*** TASK INPUT ***

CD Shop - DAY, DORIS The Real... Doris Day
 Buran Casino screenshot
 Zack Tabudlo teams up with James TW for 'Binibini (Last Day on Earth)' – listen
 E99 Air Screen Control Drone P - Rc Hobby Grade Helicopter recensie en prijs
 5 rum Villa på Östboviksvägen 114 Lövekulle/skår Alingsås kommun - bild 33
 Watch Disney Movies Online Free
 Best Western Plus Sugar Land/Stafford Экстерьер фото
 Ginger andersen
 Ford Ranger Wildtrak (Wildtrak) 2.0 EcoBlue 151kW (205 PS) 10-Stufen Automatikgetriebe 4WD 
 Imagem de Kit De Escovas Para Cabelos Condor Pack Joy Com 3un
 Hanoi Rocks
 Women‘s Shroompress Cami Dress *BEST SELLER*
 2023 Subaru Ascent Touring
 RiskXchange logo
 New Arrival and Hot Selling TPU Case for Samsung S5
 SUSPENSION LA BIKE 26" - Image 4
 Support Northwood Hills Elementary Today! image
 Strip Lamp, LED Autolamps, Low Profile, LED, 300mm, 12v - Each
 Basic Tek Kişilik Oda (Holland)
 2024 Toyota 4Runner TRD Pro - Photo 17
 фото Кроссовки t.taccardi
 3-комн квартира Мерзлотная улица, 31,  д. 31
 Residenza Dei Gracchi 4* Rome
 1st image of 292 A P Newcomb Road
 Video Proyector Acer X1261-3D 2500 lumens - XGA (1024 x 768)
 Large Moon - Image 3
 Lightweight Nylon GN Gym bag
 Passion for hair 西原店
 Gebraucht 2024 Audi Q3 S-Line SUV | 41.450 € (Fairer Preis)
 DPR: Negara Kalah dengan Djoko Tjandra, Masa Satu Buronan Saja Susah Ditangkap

*** End of TASK INPUT ***

### WHAT NEEDS TO BE DONE
What must be returned is the line with "1st image of 292 A P Newcomb Road" plus every line after it to the end of the entries, exactly as they appear.

### OUTPUT
 1st image of 292 A P Newcomb Road
 Video Proyector Acer X1261-3D 2500 lumens - XGA (1024 x 768)
 Large Moon - Image 3
 Lightweight Nylon GN Gym bag
 Passion for hair 西原店
 Gebraucht 2024 Audi Q3 S-Line SUV | 41.450 € (Fairer Preis)
 DPR: Negara Kalah dengan Djoko Tjandra, Masa Satu Buronan Saja Susah Ditangkap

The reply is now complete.